What needs to be done: Write out, word for word and with no pictures, each line below from the one containing "IMG-0768.jpg" through the one containing "Rescatan a una", both included, and no other line.

Input records:
'''
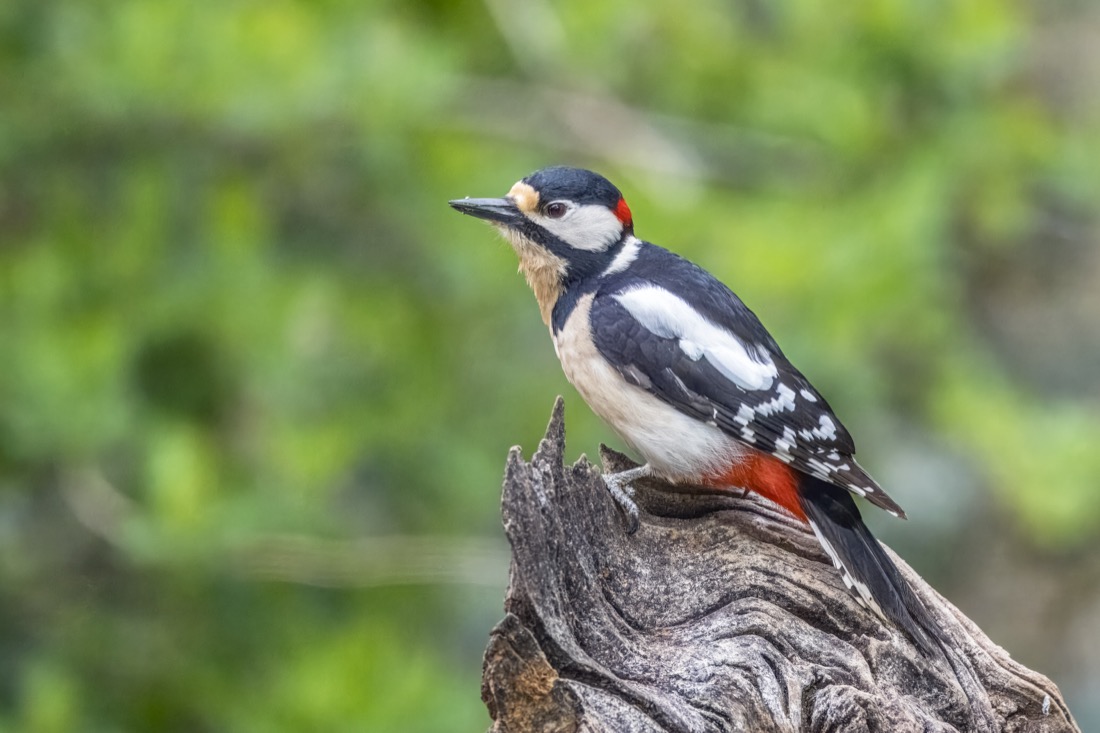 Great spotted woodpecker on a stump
'''
'''
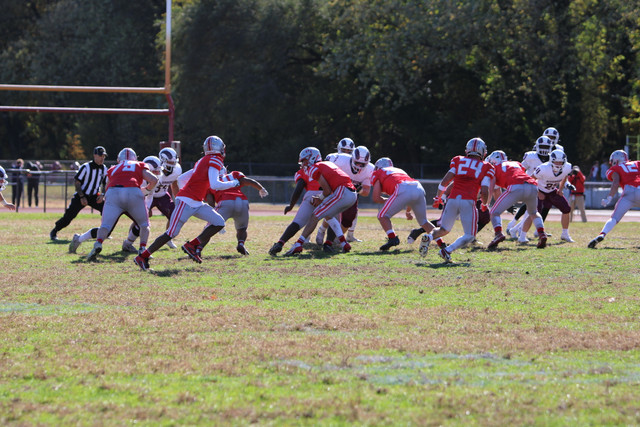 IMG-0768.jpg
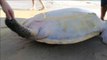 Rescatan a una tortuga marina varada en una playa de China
'''
Solution for this exercise:
 IMG-0768.jpg
 Rescatan a una tortuga marina varada en una playa de China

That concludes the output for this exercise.